● **EXERCISE DETAILS**
What is needed is a word-for-word copy of the listing below, without pictures.

● **PROVIDED DATA**
*****

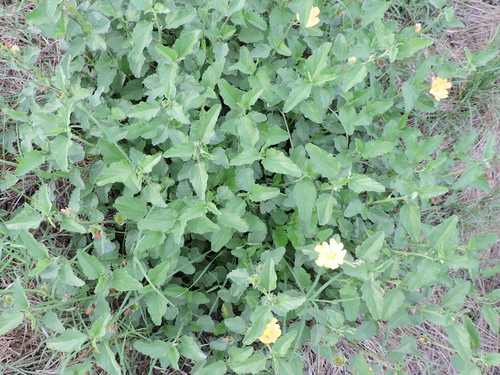 Image of Malvastrum aurantiacum by (c) Sam Kieschnick, some rights reserved (CC BY)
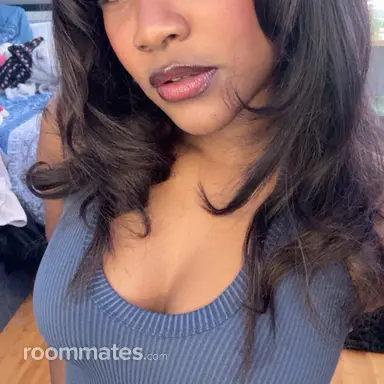Roommate looking Malden MA, $900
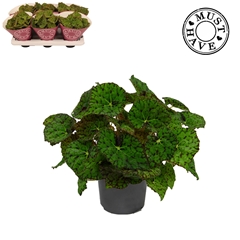 Beg Lime Fever 13Ø 25cm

*****

● **ANSWER BOX**
 Image of Malvastrum aurantiacum by (c) Sam Kieschnick, some rights reserved (CC BY)
Roommate looking Malden MA, $900
 Beg Lime Fever 13Ø 25cm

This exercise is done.